Excuse me, I'm practically  new into this and would you mind telling me where do I check the memory tabs? Also I've tried the task scheduler thing and Throttlestop never opened, I tried a few times. Also im not running the high performance scheme.
Thanks!


----------



## unclewebb (Jul 21, 2018)

How about set the CPU Core and CPU Cache voltages to some ridiculous values like -250 mV or -500 mV.  Does your CPU continue to run or does your laptop crash?  Post some more pics.

Here is a nice how to use the Task Scheduler guide.
http://forum.notebookreview.com/threads/the-throttlestop-guide.531329/#post-6865107


----------



## Luzarin (Jul 21, 2018)

It indeed crashed, with -250 mV, but I don't get why it's not making any effects anymore with -105 mV or -110 mV.

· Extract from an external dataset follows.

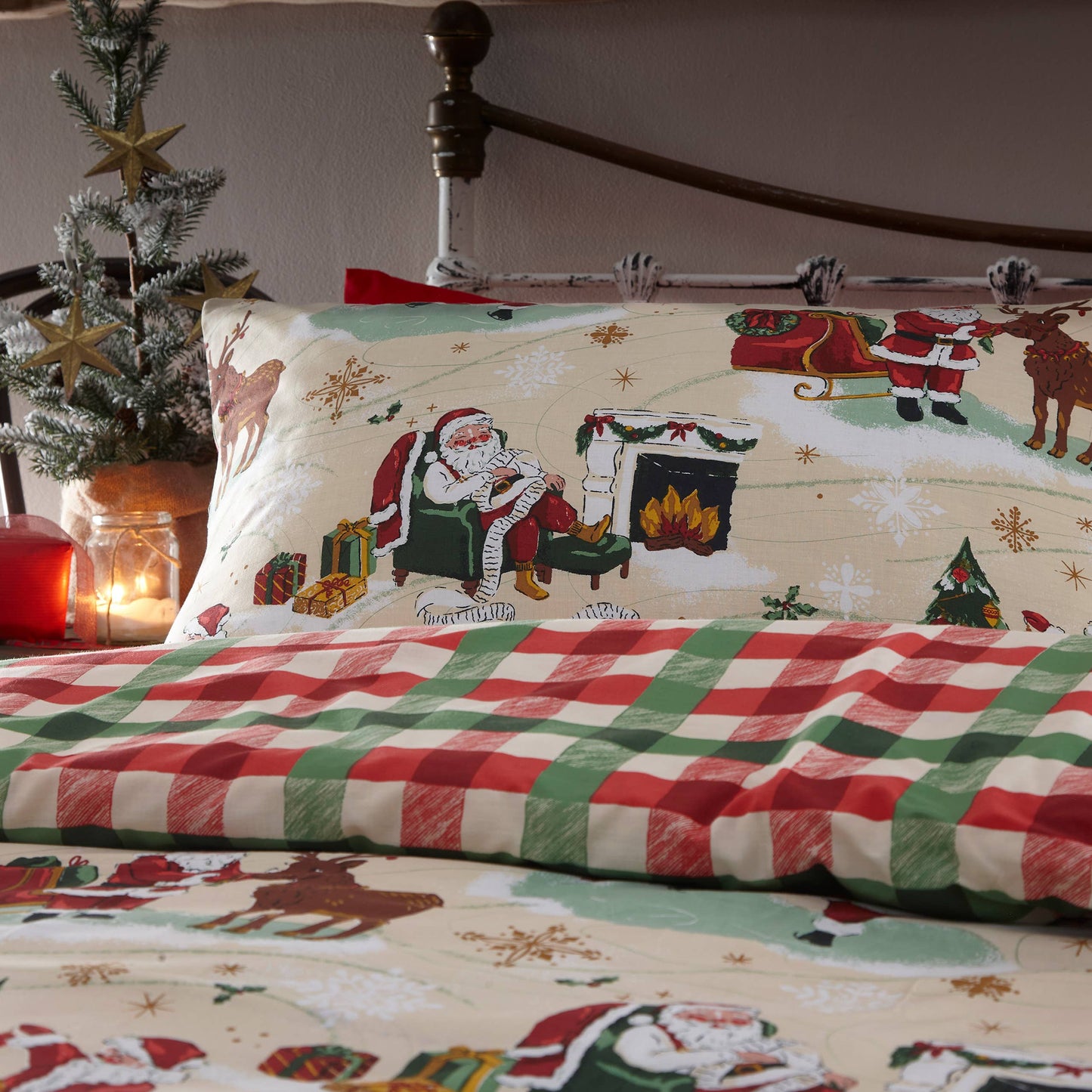 Vintage Bettwäsche Set Weihnachtsmann "Jolly Santa" Wendebettwäsche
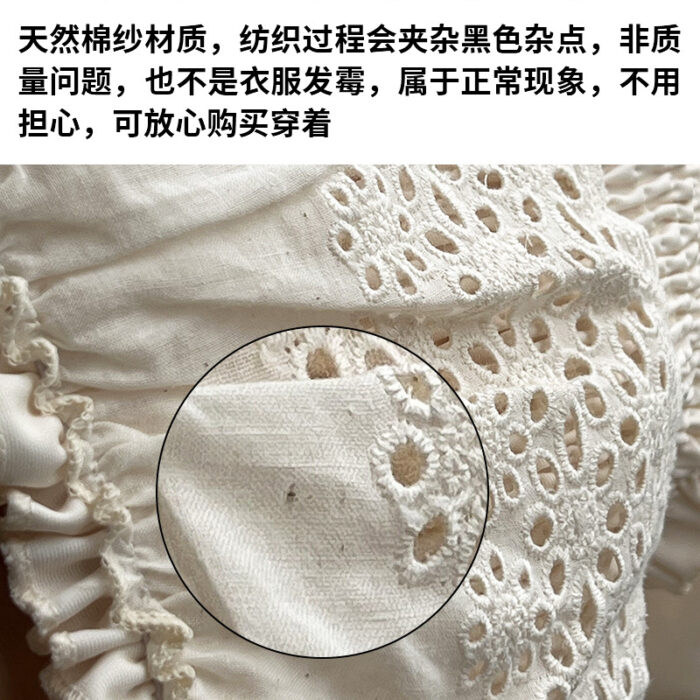 夏日泳裝75~130cm - 綁帶簍空花邊泳裝(含帽子)：圖片 6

These are my temps after 5 minutes of fortnite (before it never passed 80 Degrees)


----------



## unclewebb (Jul 21, 2018)

What sort of test are you doing to determine that it is not having "any effects anymore"?  Your CPU might be running hotter now because it is summer or it might be running hotter because the thermal paste needs to be replaced.  If your CPU is crashing when you reduce the voltage, the under volt is definitely working.

Intel XTU might not be working anymore so I guess you need to use ThrottleStop instead.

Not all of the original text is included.